Primer aniversario del movimiento de los chalecos amarillos, el 17 de noviembre de 2018 miles de personas ocupan las rotondas de toda Francia en protesta contra la subida del precio de la gasolina del gobierno Macron.
Un año después, los chalecos amarillos siguen activos, pero rodeados por el silencio y los estereotipos mediáticos. Es un movimiento demasiado impuro para los radares del pensamiento dominante. Muchas demandas y no todas ellas “coherentes” en un bloque ideológico, sin líderes, movimiento de clase que sin embargo no tiene que ver con la lucha de clases, anticapitalista pero no necesariamente anti-mercado, colectivo pero individualista a la vez.
Algo así sólo puede pensarse desde dentro. Es lo que hace Michel Lianos, sociólogo que acompaña al movimiento desde sus orígenes, dando cuenta de todas sus paradojas a través del concepto de “política experiencial”. La experiencia común, ya no las etiquetas ideológicas o sociológicas, como base de la acción. La experiencia común como centro y motor de nuevos movimientos paradójicos, inclasificables para la vieja cultura política.

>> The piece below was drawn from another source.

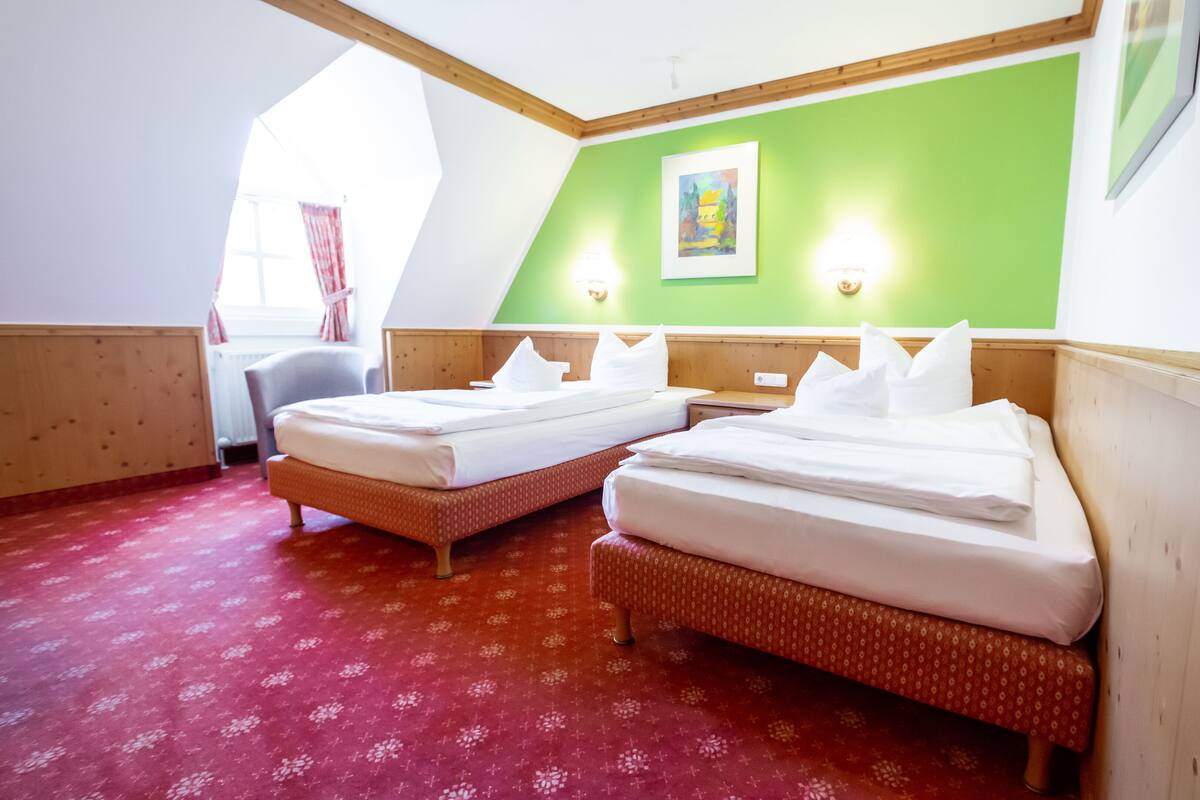 A hotel room with two beds, a green accent wall, and a window with curtains.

Entrevistar a la gente cerca del Arco del Triunfo, en medio de gases lacrimógenos y granadas de humo, es toda una experiencia para un sociólogo. Dicha experiencia confirma que la historia está muy lejos de concluir. En efecto, hasta los humanos programados de las sociedades post-industriales son capaces de ejecutar actos impredecibles.
Nadie había previsto la aparición de los chalecos amarillos y, sin embargo, rápidamente muchos se hicieron poseedores de ideas muy precisas sobre quiénes eran ellos. Empezó a circular una amplia gama de etiquetas: “rednecks” de extrema-derecha, agitadores de izquierda, la clase baja manipulada por los partidos de la oposición al gobierno, etc. Las preguntas se volvieron necesarias una vez que el movimiento comenzó a crecer. Las instituciones políticas, por otro lado, se atemorizaron hasta el punto de que todos partidos fueron convocados por el gobierno francés para “entender la situación” y así volver a situar a la política en su marco convencional y normativo. Aunque, precisamente, lo que los chalecos amarillos buscan es dar un paso a un lado de lo que se entiende por ese marco convencional de la política.

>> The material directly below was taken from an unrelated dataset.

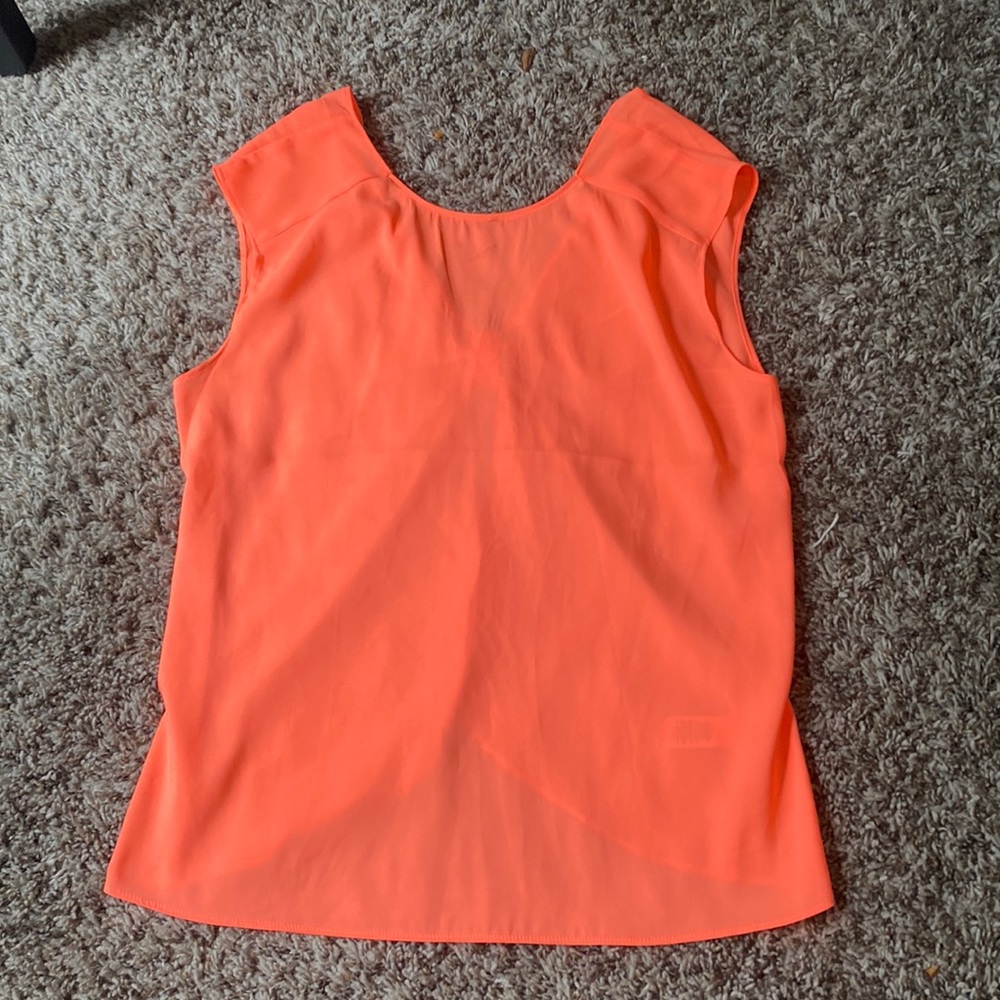 bright neon orange express top. open/ bow on back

Las revoluciones nunca comienzan como revoluciones. O lo que es peor, siempre desembocan en formas que vuelven a introducir una serie de desigualdades a causa de su visión de mundo. Los chalecos amarillos parecen responder también a este hecho. La progresión de sus objetivos políticos ha sido realmente colosal. En apenas cuatro semanas, pasaron de su punto de partida (la cuestión del alza del precio del petróleo) a una crítica explícita del sistema parlamentario y de la política representativa. De esta manera, los chalecos amarillos han arrinconado al sistema político, postrándolo en un estado de obsolescencia. Esta es gente que, en su mayor parte, nunca antes había militado en causas sociales y que, hasta hace muy poco, se consideraba “apolítica”. Son las fascinantes paradojas de la época.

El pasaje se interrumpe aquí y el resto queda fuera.